**GIVEN INFORMATION:**

BEGIN

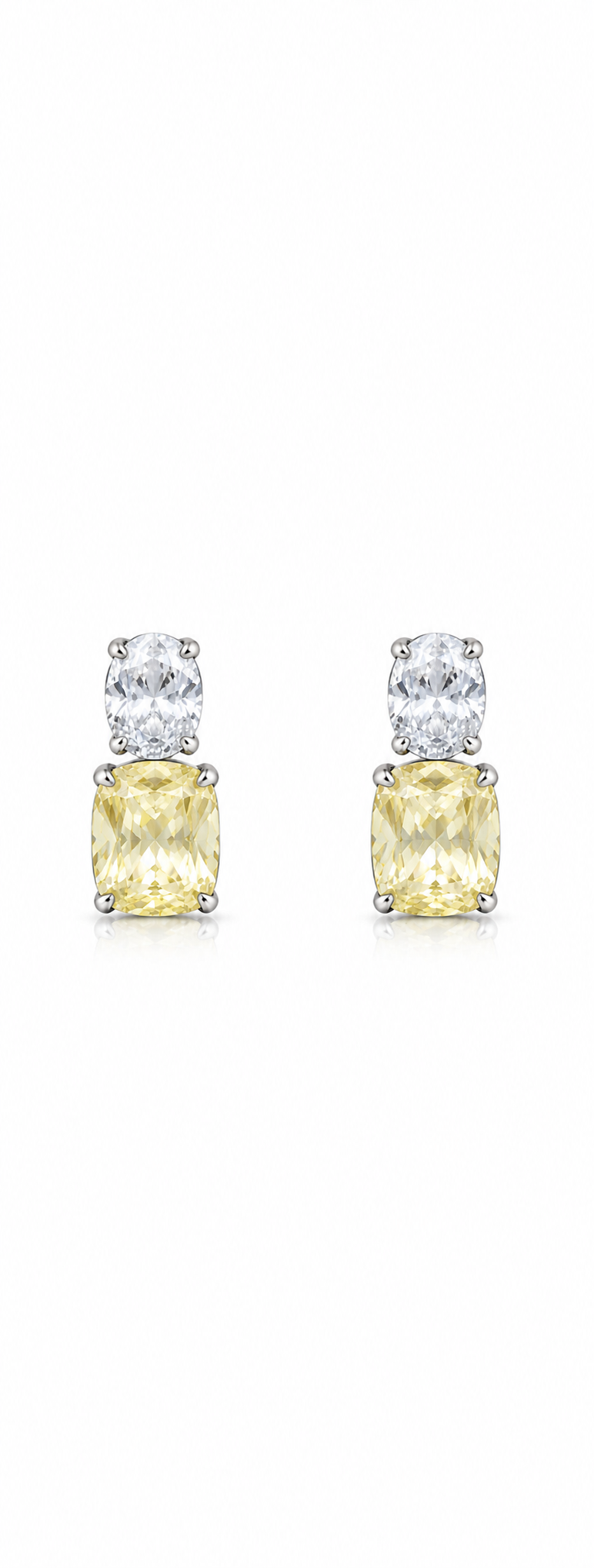 Lemon Drop Yellow Crystal Duo Stone Earrings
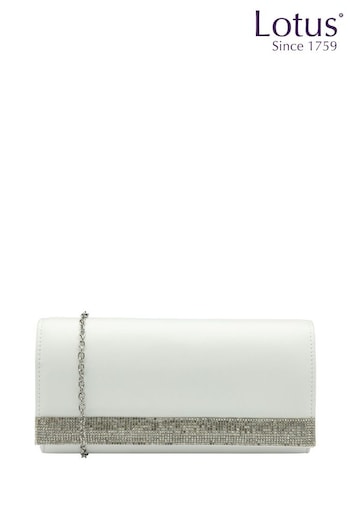 Lotus White Clutch Bag With Chain (N23082) | £50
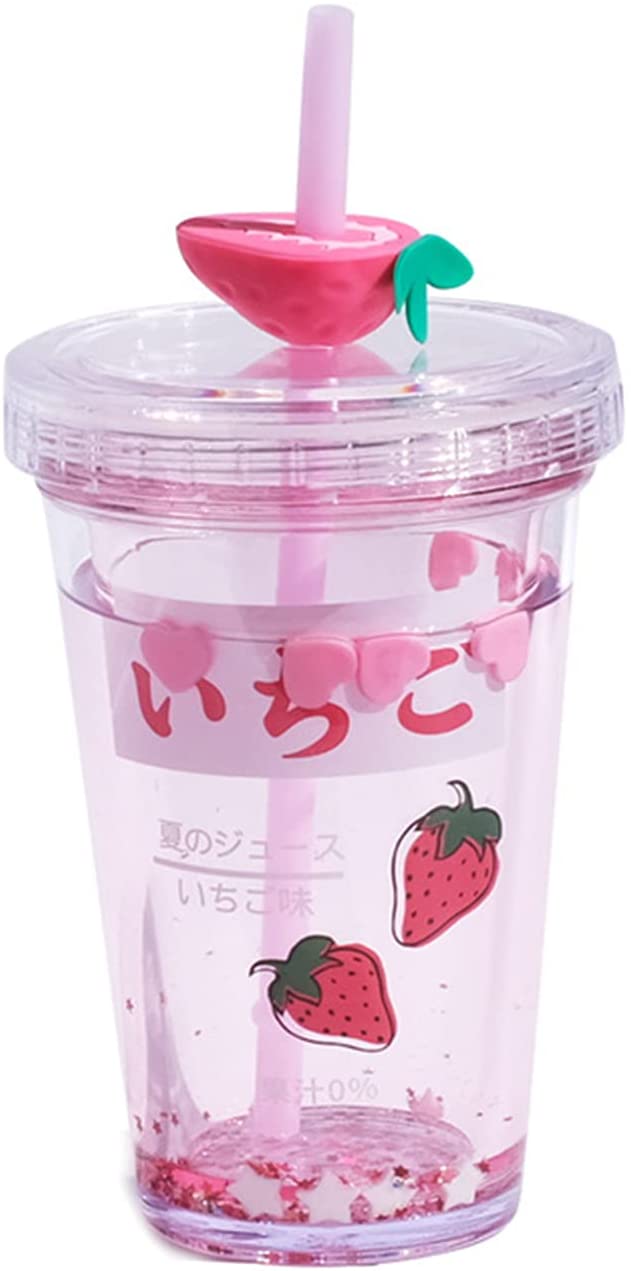 15oz Kawaii Water Bottle With Straw Glitter Double Wall Water Bottle With Straw Kawaii Cup Strawberry Water Bottle Kawaii Cups Kawaii Stuff Avocado Gifts Pink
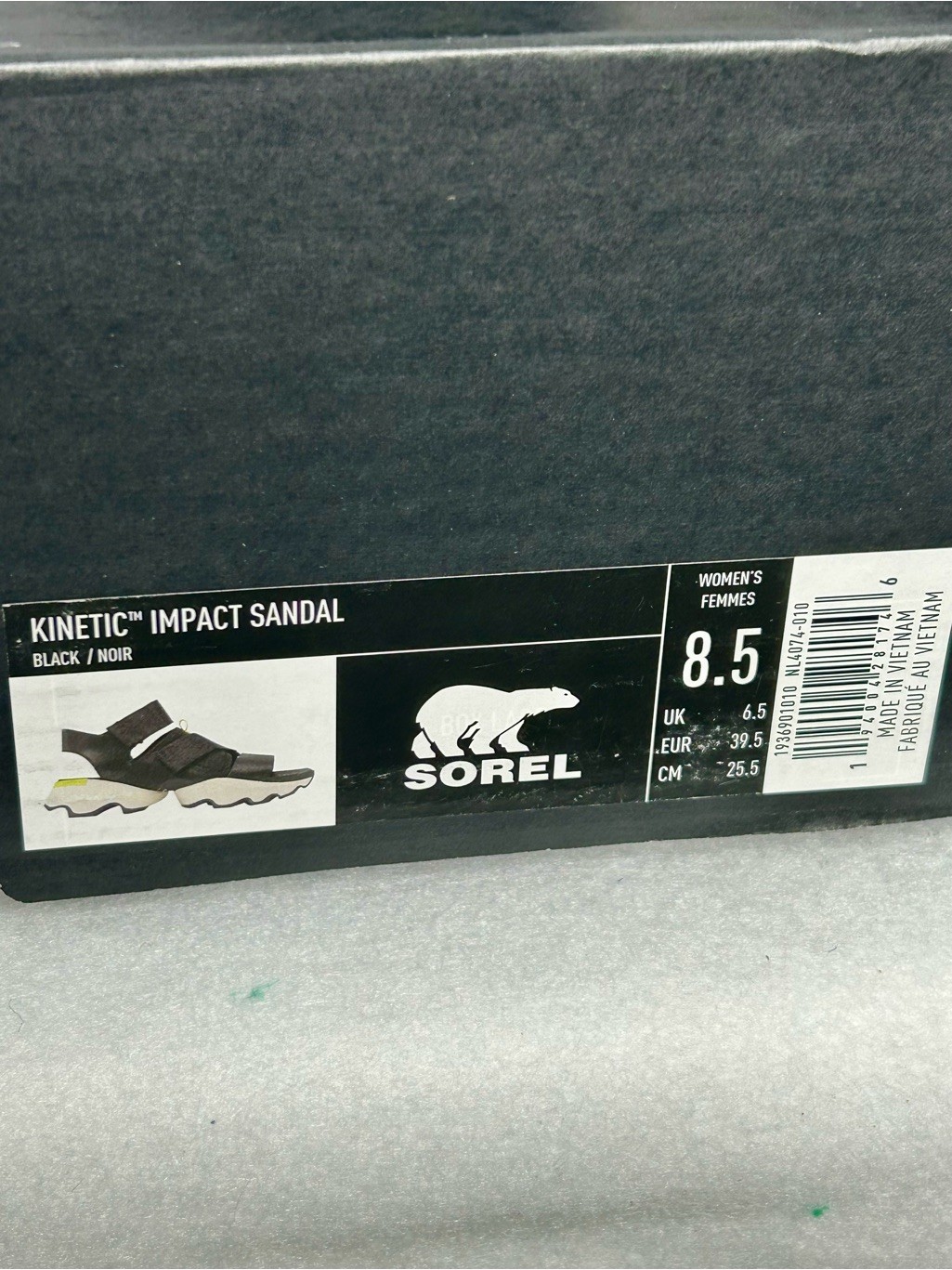 Sorel Kinetic Impact Black Platform Sport Sandals Yellow Accent Strap 8.5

END

The data above should be returned in full, exactly as written, apart from its images.

**OUTPUT BELOW:**
 Lemon Drop Yellow Crystal Duo Stone Earrings
 Lotus White Clutch Bag With Chain (N23082) | £50
 15oz Kawaii Water Bottle With Straw Glitter Double Wall Water Bottle With Straw Kawaii Cup Strawberry Water Bottle Kawaii Cups Kawaii Stuff Avocado Gifts Pink
 Sorel Kinetic Impact Black Platform Sport Sandals Yellow Accent Strap 8.5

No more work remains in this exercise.